Federal Court Rejects Coal Mine Expansion Unlawfully Authorized by Trump

"This is now a huge opportunity for the Biden administration to get it right on coal and climate," said one advocate.

Julia Conley

Environmental defenders on Tuesday urged the Biden administration to take advantage of a federal court ruling which declared that the U.S. Interior Department under former President Donald Trump had wrongly allowed the expansion of a coal mine in Montana—one that would have resulted in the largest coal mine in the U.S. and hundreds of millions of tons of fossil fuel emissions over a decade.

With the question of the expansion of Signal Peak Energy's Bull Mountain Coal Mine now headed back to the Interior Department, said Jeremy Nichols of WildEarth Guardians, which joined other groups in suing over the expansion, "this is now a huge opportunity for the Biden administration to get it right on coal and climate."

"This mine is killing the climate and destroying the waters of the Bull Mountains... Today's decision puts an end to federal agencies' flimsy excuses for ignoring these grave impacts and ensures decision makers fully consider the mine's damage."

The department's Office of Surface Mining (OSM) decided in 2017 that Signal Peak Energy could expand the coal mine, allowing for the extraction of 175 million more tons of coal and the release of 240 million tons of greenhouse gas emissions over 11 years—more emissions than those of any other single source in the country.

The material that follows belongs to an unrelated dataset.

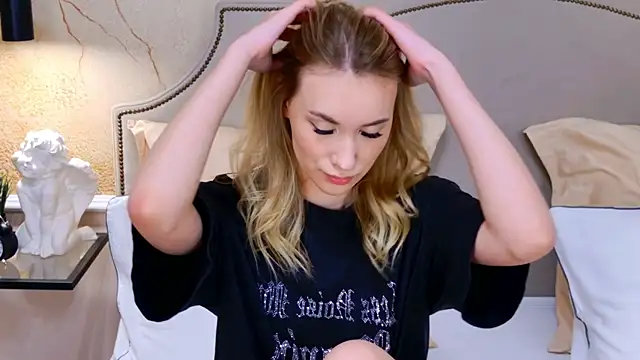 AmadaReine webcam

The OSM's approval was quickly challenged by a federal court that same year, which found administration officials had put a "thumb on the scale" by only considering potential benefits of the mine expansion instead of considering negative impacts. The following year, the OSM completed an environmental assessment which claimed the new emissions resulting from the expansion would be insignificant compared to global greenhouse gas emissions, which stand at 50 billion tonnes of carbon dioxide equivalents per year.

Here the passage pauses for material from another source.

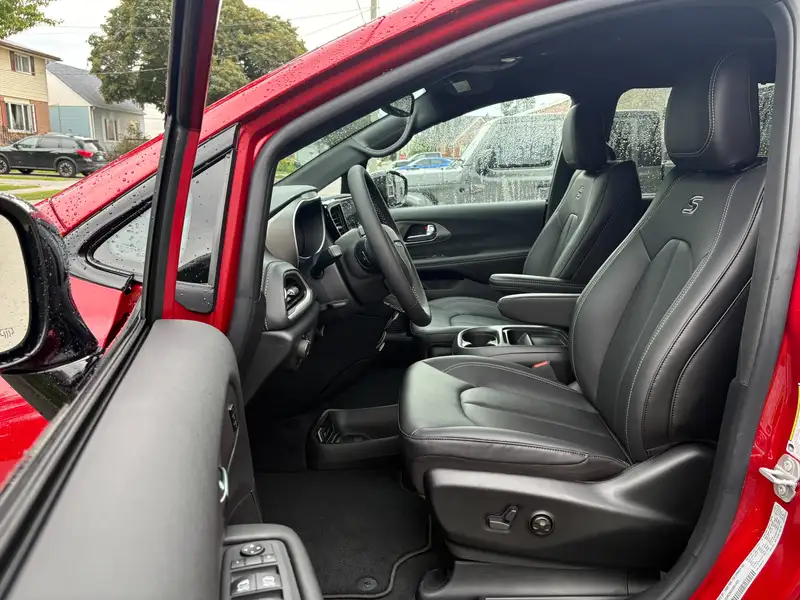 2027 Chrysler Pacifica, červená, 20 km, dovoz Kanada — foto 6 z 12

The Interior Department offered "no convincing rationale" for that finding, the Ninth Circuit Court of Appeals ruled on Monday in a 2-1 decision.

If a project resulting in the largest underground coal mine in the U.S. "can be found to have no significant impact," wrote Circuit Judge Morgan Christen in the majority opinion, "virtually every domestic source of [greenhouse gases] may be deemed to have no significant impact."

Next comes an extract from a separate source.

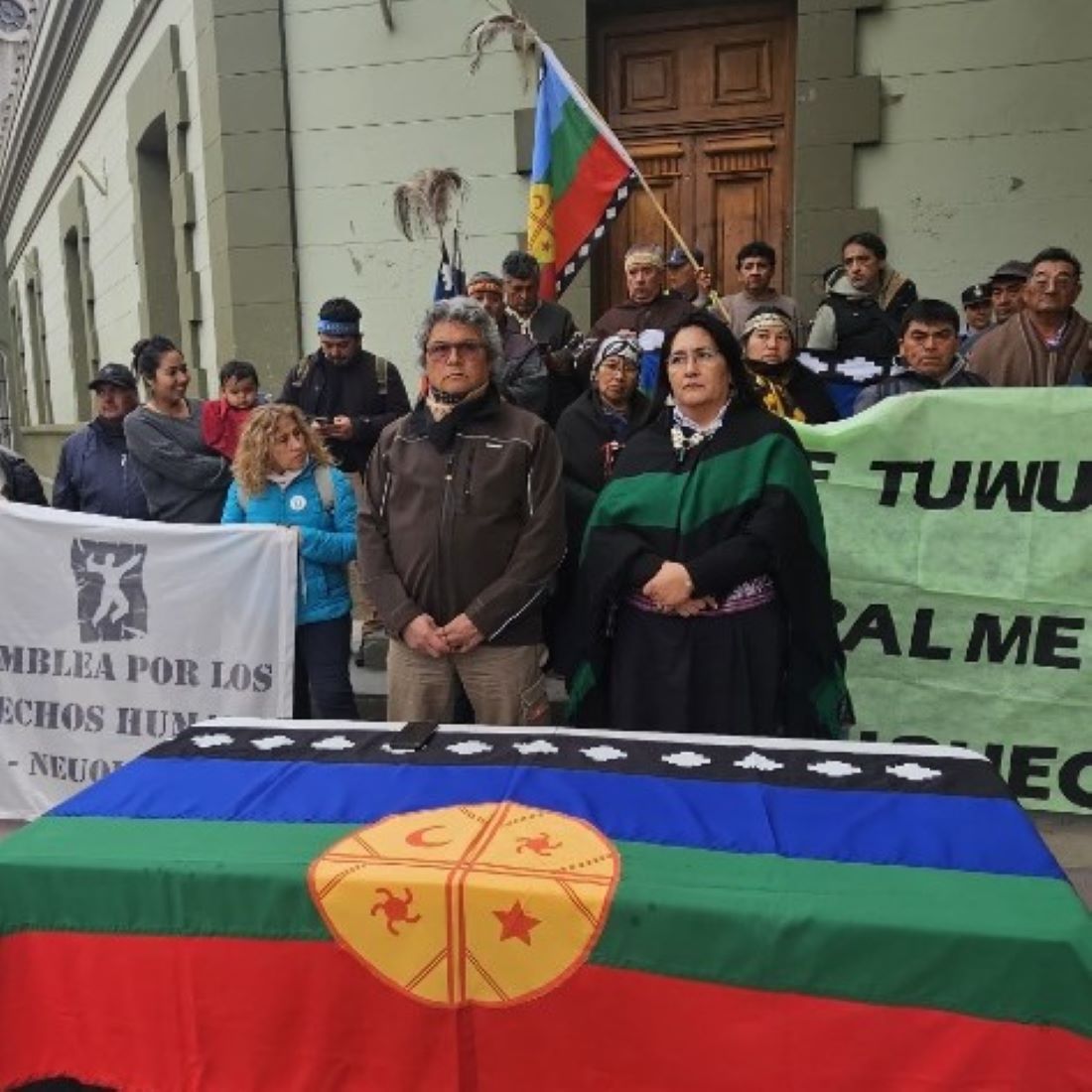 COMUNIDADES MAPUCHES DE VACA MUERTA EXIGEN PERSONERÍA JURÍDICA Y APUNTAN CONTRA ROLANDO FIGUEROA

Following the court ruling, the case will be remanded to the District Court, which could order further analysis of the mine's environmental impacts and may shut down the expansion until the assessment is completed.

The plaintiffs—Sierra Club, WildEarth Guardians, 350 Montana, and Montana Environmental Information Center—had sought a full injunction, but said the ruling was "a significant victory against one of the largest coal mine expansions in the country" nonetheless.

"Moving forward, this ruling will also require the U.S. Office of Surface Mining to actually consider the extreme costs of continuing to burn coal and release carbon pollution into the atmosphere when it is conducting environmental analyses," said Derf Johnson, staff attorney with the Montana Environmental Information Center. "It's long past time for OSM to get serious about the climate crisis."

The ruling came two months after Signal Peak was fined $1 million and sentenced to three years of probation for violating environmental and worker safety regulations. The company's senior managers ordered mine workers to improperly dispose of mine waste and pressured injured employees not to report their injuries—including one that required a finger amputation—as work-related.

"This mine is killing the climate and destroying the waters of the Bull Mountains," said Shiloh Hernandez, senior attorney for Earthjustice. "Its owner, Signal Peak Energy, has a lengthy criminal rap sheet. Today's decision puts an end to federal agencies' flimsy excuses for ignoring these grave impacts and ensures decision makers fully consider the mine's damage."

Following the ruling, said Nichols of WildEarth Guardians, the Biden administration has "a chance to do the right thing and start keeping coal in the ground."